I passanti l’aiutano a rialzarsi, le danno un po’ d’acqua; un giovane si offre di aiutarla. «No grazie. Kösszönöm szépen /kòssonom sépèn/; grazie mille». Si avvia barcollando in albergo; si riprende e decide di restare a Budapest.
Entra nel gruppo di un suo vecchio professore, in ospedale. Il professore, che la stima molto, l’avverte: «I colleghi ti faranno la guerra, perché tu sei di un altro livello»; trova casa di fronte al ponte della Libertà, dal lato di Pest. Non è una bella casa, ma da una finestra può guardare sul ponte.
Scopre il decadimento morale che si è verificato negli ultimi tempi nel settore della sanità ungherese: un paziente cerca di passarle una mazzetta “dovuta”, che lei rifiuta.
Rivede il dottor János Drexler, neurochirurgo e brillante scrittore.
Le viene un dubbio: la mia mente potrebbe avere partorito l’incontro con quell’uomo, l’appuntamento a Budapest. Pensa: forse mi sono innamorata di uno sconosciuto e ho immaginato il resto.
Il regista la inquadra mentre a letto si sbottona il pigiama davanti, lentamente fa scendere la mano e si masturba.
Nella masturbazione un “incontro” mentale diventa vivo e reale al punto da eccitare, da dare piacere.

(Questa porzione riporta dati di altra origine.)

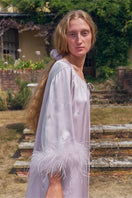 Light purple feather and rhinestone short robe from Not Just Pajama, styled as a midi dress with feather details and shimmering rhinestones.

Anche l’incontro di Márta con János, nel corso del congresso di medici in America, potrebbe essere stato mentale. Lei potrebbe avere confuso l’immaginazione con la realtà.
Per risolvere il dubbio si rivolge a uno psicanalista. Assistiamo ad alcune sedute.
Il thriller è interessante e, come ho scritto all’inizio, sembra un film di Hitchcock, anche perché è girato su pellicola e ha un’aria antica: i colori sono tenui, quasi sfociano nel bianco e nero.
Mi è piaciuto molto … fino a un certo punto.
La conclusione non mi è sembrata all’altezza della complessità del tema,
Possiamo credere alla nostra mente, alle cose che vediamo, agli eventi che viviamo? Siamo certi di non confondere la realtà con l’immaginazione?
Il tema non è stato svolto fino in fondo. Ma neanche è stato lasciato sospeso.
Nell’ultima parte la regista l’ha dimenticato.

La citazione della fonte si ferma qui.